The information will be even more harmful where it's essentially inaccurate. From the wesbite:

"Each state calculates graduation rates differently. For example, a New York high school and a Florida high school might both report a graduation rate of 95%, but the states may not be considering the same factors in their calculations. This discrepancy means that state-reported graduation rates cannot be compared to one another. However, national graduation calculations, such as the Averaged Freshman Graduation Rate (AFGR) and the Cumulative Promotion Index (CPI), allow us to compare graduation rates across states. See the map of the United States below to learn more."

Readers need to take into account Ezra's concerns, but only after they make sure they're looking at some kind of standardized measure like the CPI. Also, the map funtion doesn't work well; it shows my local school in a completely different part of the city.

Nice idea, but it needs to be done with care.

Posted by: spekny | October 18, 2010 1:26 PM | Report abuse


Great points, Ezra.

What we need is a simple "value added" measure for schools that assesses how much students improved.

Posted by: junomoneta88 | October 18, 2010 2:03 PM | Report abuse

Aarrgh. Whether they're a good idea or not, sites like this have been available forever. Check out greatschools.org, for one example. Plug in the name of your high school.

Gates and NBC and "a bunch of different organizations" seem to be inventing a well-worn wheel, while pretending to be deeply concerned and very very helpful.

By the way: I'm aware of these pre-existing sites because I have actually sought information about schools and school systems many times in the past. Very few pundits do such things, and so a service like this may seem new. Public education simply isn't an active concern in the bulk of American Pundit Land. The liberal world largely quit on this topic around 1975, Jonathan Kozol excepted.

Posted by: bobsomerby | October 18, 2010 2:04 PM | Report abuse

Interesting note: in DC where I live, at the 4th grade level the public schools (in aggregate) outscore the charter & private schools (in aggregate). In 8th grade, though, the public schools are well behind. I wonder how much of that gap is performance, and how much is due to the well-documented phenomenon in which many parents pull their children out of the DC public school system when they finish elementary school.

Posted by: tomveiltomveil | October 18, 2010 4:00 PM | Report abuse

I think Ezra understates the danger of a site like this.

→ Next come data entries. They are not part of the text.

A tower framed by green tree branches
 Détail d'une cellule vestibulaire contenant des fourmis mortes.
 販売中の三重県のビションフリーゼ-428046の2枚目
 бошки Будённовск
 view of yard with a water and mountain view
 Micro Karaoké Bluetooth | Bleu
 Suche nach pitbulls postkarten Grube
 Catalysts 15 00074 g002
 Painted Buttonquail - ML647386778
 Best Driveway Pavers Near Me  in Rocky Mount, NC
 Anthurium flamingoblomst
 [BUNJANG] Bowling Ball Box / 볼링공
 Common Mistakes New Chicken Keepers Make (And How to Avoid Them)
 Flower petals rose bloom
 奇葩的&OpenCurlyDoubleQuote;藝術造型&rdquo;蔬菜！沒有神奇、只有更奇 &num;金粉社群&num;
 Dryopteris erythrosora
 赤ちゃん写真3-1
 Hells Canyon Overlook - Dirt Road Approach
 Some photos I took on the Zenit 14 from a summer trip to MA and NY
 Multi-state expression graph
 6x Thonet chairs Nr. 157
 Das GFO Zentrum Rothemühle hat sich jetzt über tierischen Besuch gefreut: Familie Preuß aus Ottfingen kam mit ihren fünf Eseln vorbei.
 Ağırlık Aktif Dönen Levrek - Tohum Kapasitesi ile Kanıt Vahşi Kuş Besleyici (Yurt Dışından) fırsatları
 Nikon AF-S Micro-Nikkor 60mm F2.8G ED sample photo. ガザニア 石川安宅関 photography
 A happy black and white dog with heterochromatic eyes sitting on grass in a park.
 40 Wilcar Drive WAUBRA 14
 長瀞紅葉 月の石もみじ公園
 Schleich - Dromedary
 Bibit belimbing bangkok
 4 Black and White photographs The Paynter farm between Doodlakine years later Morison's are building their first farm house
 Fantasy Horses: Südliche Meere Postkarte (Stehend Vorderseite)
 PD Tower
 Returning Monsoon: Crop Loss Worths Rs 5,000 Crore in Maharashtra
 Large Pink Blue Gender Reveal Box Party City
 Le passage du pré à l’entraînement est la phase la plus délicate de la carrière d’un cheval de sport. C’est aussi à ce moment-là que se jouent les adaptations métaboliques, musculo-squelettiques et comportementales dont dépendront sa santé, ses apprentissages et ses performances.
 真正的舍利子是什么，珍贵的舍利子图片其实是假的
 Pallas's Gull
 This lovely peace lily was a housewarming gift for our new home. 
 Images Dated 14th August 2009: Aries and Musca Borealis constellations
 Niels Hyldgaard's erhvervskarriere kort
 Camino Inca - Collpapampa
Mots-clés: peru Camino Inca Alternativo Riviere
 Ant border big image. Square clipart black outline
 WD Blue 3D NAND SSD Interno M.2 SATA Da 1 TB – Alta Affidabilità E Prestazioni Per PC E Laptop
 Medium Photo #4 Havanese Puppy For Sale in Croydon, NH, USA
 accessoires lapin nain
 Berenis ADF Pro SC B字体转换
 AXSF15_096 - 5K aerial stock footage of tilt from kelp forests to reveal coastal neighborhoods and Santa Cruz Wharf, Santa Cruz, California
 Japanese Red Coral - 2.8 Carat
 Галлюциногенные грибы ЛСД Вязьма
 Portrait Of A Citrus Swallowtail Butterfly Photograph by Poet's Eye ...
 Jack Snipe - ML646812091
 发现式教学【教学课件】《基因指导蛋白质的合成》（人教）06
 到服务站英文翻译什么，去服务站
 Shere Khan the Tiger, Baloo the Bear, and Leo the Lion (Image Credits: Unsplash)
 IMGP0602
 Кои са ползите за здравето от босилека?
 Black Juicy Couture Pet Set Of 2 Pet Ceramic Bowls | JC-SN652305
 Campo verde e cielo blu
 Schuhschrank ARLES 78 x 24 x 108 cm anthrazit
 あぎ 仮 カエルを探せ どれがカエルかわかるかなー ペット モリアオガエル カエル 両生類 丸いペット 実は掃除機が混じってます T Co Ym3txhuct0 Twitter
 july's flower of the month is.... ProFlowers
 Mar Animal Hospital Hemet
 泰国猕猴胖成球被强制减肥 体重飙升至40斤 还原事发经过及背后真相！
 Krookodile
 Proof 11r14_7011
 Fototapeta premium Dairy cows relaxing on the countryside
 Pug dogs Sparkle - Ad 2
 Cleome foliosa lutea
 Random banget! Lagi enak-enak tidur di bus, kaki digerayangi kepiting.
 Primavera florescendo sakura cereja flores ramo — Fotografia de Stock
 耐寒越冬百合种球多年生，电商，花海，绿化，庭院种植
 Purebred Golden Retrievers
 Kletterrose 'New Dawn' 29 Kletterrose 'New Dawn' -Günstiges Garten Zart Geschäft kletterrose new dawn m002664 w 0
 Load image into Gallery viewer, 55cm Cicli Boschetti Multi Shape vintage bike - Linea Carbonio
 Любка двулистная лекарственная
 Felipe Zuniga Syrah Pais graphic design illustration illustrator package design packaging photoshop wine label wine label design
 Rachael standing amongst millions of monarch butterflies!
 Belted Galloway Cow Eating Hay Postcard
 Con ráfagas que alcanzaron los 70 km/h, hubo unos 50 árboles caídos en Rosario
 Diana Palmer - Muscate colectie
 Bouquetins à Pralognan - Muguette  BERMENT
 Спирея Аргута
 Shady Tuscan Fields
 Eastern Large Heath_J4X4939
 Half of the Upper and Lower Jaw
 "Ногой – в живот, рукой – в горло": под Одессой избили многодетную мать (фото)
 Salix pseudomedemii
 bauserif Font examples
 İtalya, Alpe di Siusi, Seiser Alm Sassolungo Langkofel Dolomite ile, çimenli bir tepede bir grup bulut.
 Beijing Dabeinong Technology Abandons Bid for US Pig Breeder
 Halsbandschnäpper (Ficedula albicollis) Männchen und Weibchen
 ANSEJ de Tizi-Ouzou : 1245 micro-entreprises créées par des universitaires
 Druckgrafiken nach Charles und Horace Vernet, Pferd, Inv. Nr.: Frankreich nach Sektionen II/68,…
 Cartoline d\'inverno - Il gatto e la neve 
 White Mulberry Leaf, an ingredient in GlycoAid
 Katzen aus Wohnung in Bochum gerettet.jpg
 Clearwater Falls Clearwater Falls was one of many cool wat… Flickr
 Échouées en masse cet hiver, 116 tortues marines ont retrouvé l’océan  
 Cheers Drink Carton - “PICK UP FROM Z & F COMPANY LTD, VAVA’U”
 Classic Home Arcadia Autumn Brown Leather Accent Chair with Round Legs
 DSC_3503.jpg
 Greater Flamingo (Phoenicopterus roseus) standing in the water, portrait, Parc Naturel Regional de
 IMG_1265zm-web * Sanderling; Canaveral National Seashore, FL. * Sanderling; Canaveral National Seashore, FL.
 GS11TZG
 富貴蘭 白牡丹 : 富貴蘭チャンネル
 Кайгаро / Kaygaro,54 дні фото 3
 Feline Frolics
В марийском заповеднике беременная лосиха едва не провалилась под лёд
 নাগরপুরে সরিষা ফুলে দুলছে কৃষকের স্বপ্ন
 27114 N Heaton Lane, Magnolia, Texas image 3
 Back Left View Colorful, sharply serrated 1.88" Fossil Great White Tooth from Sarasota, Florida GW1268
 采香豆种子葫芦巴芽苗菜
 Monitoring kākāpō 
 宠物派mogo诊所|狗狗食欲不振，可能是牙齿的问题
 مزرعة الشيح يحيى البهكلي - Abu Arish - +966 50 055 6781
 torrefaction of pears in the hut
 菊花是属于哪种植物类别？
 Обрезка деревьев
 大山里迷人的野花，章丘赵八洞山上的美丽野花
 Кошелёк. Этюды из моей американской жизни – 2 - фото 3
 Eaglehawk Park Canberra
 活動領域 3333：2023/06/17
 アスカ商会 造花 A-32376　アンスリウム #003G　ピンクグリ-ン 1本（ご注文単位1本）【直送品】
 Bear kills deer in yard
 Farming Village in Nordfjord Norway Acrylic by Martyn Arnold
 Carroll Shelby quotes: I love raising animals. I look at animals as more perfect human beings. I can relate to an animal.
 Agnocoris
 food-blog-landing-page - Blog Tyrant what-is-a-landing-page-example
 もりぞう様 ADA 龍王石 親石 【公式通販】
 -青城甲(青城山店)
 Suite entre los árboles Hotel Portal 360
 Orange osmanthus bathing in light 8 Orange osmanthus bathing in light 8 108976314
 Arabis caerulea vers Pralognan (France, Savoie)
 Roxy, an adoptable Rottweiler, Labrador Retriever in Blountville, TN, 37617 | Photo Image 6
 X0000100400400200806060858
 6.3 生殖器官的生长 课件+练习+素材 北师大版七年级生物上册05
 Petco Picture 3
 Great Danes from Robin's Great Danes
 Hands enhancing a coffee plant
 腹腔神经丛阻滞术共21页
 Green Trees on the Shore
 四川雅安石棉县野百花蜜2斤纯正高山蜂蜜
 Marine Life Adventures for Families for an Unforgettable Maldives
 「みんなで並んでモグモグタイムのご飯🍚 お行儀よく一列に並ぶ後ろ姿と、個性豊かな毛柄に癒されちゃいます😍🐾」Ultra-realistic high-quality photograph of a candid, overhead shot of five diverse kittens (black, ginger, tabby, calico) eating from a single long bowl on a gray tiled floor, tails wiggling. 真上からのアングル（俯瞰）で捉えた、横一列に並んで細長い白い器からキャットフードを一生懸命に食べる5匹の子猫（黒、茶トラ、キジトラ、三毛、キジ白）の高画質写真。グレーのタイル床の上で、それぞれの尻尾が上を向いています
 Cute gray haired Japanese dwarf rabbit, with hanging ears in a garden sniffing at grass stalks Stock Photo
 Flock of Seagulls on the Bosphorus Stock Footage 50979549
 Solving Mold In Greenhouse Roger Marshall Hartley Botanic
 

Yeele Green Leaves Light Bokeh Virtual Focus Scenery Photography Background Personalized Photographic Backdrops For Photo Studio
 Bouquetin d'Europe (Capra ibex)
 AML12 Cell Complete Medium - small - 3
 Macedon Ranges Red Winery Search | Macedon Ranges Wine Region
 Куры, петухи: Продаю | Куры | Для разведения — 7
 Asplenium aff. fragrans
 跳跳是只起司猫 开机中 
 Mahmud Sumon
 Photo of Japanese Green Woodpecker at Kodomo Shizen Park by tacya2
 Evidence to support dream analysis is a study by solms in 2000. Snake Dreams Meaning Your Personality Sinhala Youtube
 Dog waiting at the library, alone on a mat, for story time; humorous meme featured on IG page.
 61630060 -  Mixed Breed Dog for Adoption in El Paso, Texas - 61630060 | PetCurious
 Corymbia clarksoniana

Greatschools.org is used ALL THE TIME by people shopping for what neighborhoods to live in based on the schools available.

The data presented on the site really couldn't be better engineered for facilitating white-flight. In one handy chart (under the test scores and stats tab) you can know exactly what percentage of the school is non-white, eligible for free and reduced lunch, or transitional bilingual.

What better way to make sure your kid doesn't have to go to school with "those kids"?

And that's ignoring the foundational problem that greatschools ratings are almost entirely based on standardized test scores. Just what we need - another way to ratchet up the pressure on teachers to teach to the test and only to the test.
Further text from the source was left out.